| Unit name | Martingale Theory with Applications 4 |
|---|---|
| Unit code | MATHM0045 |
| Credit points | 20 |
| Level of study | M/7 |
| Teaching block(s) |
Teaching Block 1 (weeks 1 - 12) |
| Unit director | Professor. Balazs |
| Open unit status | Not open |
| Units you must take before you take this one (pre-requisite units) |
MATH20008 Probability 2 |
| Units you must take alongside this one (co-requisite units) |
None |
| Units you may not take alongside this one |
None |
| School/department | School of Mathematics |
| Faculty | Faculty of Science |
Unit aims
To lay foundations for further studies in probability theory. To stimulate through theory and examples, an interest and appreciation of the power of the elegant method of martingales in probability theory.
Unit description
First, rigorous foundations and essential tools of probability theory are introduced; various modes of convergence of random variables (almost sure, L^p, in probability, weak) and the connections between them are presented. We then turn to the theory of martingales which is of fundamental importance to probability theory, statistics, and mathematical finance. This unit is a concise introduction of the basic concepts, results and examples of this powerful and elegant theory.
Relation to other units
Probability 2 has introduced Martingales, but only covers the most basic of results, mostly without rigorous proofs. This unit will prove most of the results in a rigorous measure-theoretic fashion, and will be essential for students who wish to go on to study post-graduate level probability theory. In particular, students will find the understanding of material in this unit very helpful in other related units, such as Financial Mathematics and Further Topics in Probability (for which this unit is a prerequisite).
To gain insight and familiarity with the various techniques and notions of convergence in the theory of random variables (in probability, almost sure, L^p, in distribution). To gain an understanding of martingales, and to be able to formulate problems in probability/statistics theory in terms of martingales. Students will also gain more experience in writing proofs, thus laying the foundation for future studies in probability theory at advanced undergraduate and postgraduate levels.
The unit will be taught through a selection of lectures, online materials, independent activities such as problem sheets and other exercises, problem classes, support sessions and office hours.
80% Timed examination 20% Coursework.
Raw scores on the examinations will be determined according to the marking scheme written on the examination paper. The marking scheme, indicating the maximum score per question, is a guide to the relative weighting of the questions. Raw scores are moderated as described in the Undergraduate Handbook.
If this unit has a Resource List, you will normally find a link to it in the Blackboard area for the unit. Sometimes there will be a separate link for each weekly topic.
If you are unable to access a list through Blackboard, you can also find it via the Resource Lists homepage. Search for the list by the unit name or code (e.g. MATHM0045).
How much time the unit requires
Each credit equates to 10 hours of total student input. For example a 20 credit unit will take you 200 hours
of study to complete. Your total learning time is made up of contact time, directed learning tasks,
independent learning and assessment activity.
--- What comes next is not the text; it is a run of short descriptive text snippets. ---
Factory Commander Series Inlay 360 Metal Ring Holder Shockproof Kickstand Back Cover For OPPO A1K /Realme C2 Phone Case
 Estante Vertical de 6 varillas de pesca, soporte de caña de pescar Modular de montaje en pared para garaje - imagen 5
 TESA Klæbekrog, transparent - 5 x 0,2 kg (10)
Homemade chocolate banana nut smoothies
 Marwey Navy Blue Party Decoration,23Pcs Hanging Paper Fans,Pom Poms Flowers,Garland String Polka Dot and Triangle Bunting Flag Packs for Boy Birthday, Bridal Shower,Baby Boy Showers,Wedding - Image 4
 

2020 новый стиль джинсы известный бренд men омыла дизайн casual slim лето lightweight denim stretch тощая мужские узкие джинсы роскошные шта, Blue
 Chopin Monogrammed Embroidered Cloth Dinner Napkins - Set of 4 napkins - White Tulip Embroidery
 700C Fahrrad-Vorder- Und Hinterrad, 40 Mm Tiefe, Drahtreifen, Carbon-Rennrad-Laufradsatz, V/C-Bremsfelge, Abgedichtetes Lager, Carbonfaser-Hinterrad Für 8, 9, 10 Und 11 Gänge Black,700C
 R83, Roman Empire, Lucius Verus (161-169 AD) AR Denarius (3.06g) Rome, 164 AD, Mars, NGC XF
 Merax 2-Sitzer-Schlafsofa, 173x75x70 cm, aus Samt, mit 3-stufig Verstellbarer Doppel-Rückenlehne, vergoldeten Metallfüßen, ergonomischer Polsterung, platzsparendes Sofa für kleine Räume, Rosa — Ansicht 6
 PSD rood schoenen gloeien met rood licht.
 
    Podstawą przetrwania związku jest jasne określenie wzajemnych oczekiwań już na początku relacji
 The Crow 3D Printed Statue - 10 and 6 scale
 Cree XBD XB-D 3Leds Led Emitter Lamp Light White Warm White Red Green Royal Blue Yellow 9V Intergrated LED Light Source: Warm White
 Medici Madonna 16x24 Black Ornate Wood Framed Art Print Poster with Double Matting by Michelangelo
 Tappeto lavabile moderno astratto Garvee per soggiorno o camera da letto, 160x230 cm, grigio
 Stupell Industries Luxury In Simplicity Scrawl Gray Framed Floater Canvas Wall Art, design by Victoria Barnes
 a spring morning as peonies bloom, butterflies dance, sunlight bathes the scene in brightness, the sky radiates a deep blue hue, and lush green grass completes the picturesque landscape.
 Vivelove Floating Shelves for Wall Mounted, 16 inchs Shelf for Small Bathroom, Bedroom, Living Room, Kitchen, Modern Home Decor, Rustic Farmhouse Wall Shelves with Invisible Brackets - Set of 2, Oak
See the University Workload statement relating to this unit for more information.
Assessment
The Board of Examiners will consider all cases where students have failed or not completed the assessments required for credit.
The Board considers each student's outcomes across all the units which contribute to each year's programme of study. For appropriate assessments, if you have self-certificated your absence, you will normally be required to complete it the next time it runs (for assessments at the end of TB1 and TB2 this is usually in the next re-assessment period).
The Board of Examiners will take into account any exceptional circumstances and operates
within the Regulations and Code of Practice for Taught Programmes.